Trotsky opposed these moderate socialists back in 1917; they weren’t nearly revolutionary enough for him. His enemies in New York included establishment socialist figures like party leader Morris Hillquit and Forward editor Abraham Cahan -- who confronted Trotsky personally and would later remain consistently anti-Communist.
Bernie Sanders in 2016 has done much to rehabilitate socialism, removing the stigma of Communist abuse and the Cold War. Trotsky in later years became the leading critic of Stalinist Communism. But the chasm between a true revolutionary like Trotsky and a moderate “democratic socialist,” as I see it, would still be too bar for either to bridge.
Norm: How can readers find out more about you and your endeavors?
Ken: For more information, visit my WEB PAGE
Norm: What is next for Kenneth D. Ackerman?

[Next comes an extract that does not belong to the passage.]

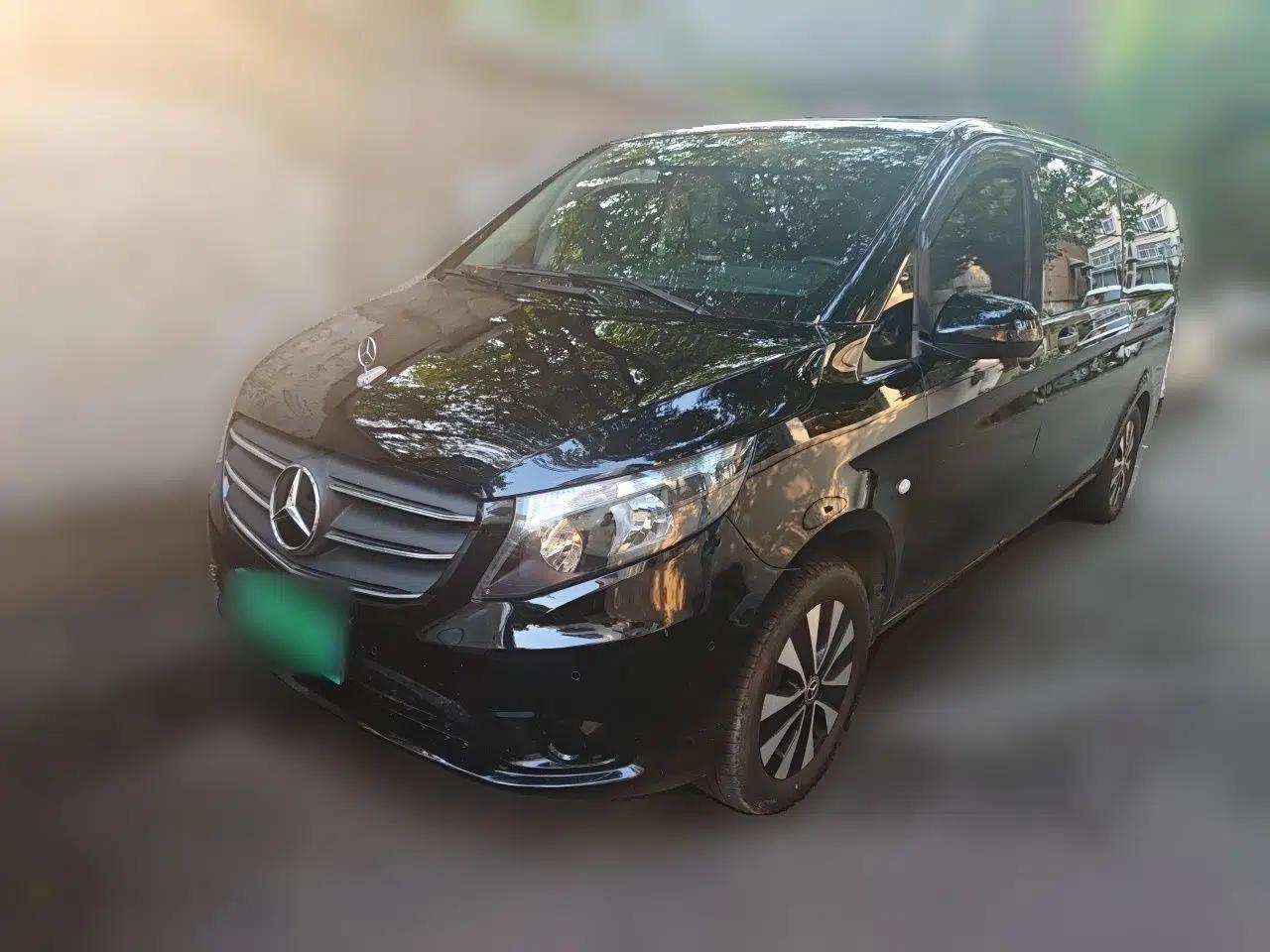 Mercedes-Benz Vito 2023 2.0T Business Version 7 Seats — миниатюра 1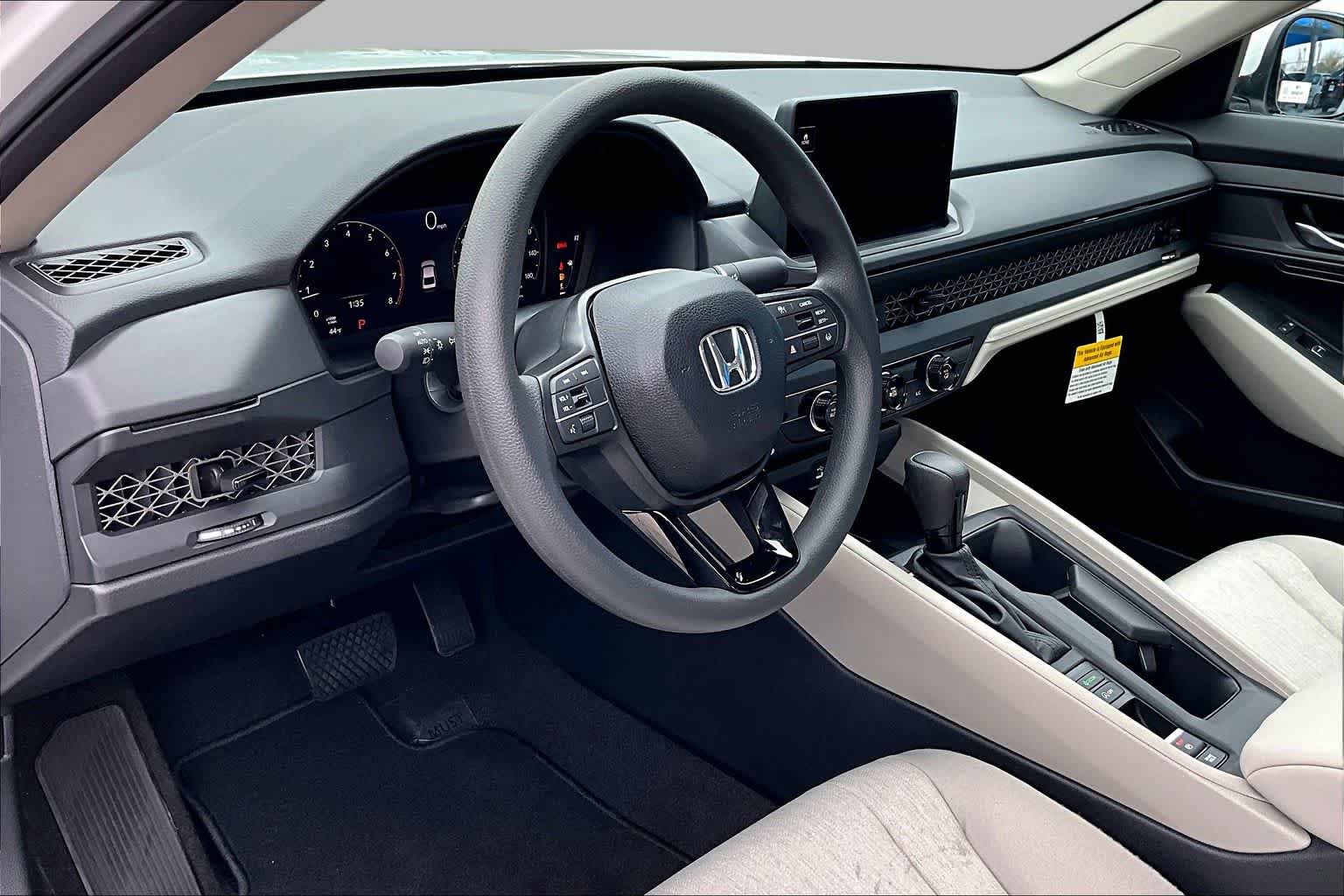2026 Honda Accord LX - Photo 8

Ken:This summer, I have immersed myself in books about the 1963 assassination of President John F. Kennedy. Call it research, or call it just a summer obsession, but a friend got me started with the new Larry Tye biography Bobby Kennedy: The Making of a Liberal Icon, and since then I have devoured, in rapid succession, the 1964 report of the Warren Commission, the 1976 reports of the House Special Committee on Assassinations and the Church Committee on abuses of the CIA, and classics like Edward Jay Epstein ‘s Inquest: The Warren Commission and the Establishment of Truth (1966), Dan Moldea’s The Hoffa Wars, and Ronald Goldfarb’s Perfect Villains, Imperfect Heroes: Robert F. Kennedy’s War against Organized Crime.
Where this is going, I’m still not sure. But the Kennedy era remains a fantastic story, a moment I remember well from my own life fifty-three years ago, and well worth the literally-hundreds of books already written covering on the topic. Is there a unique angle left worth writing about? Stay tuned.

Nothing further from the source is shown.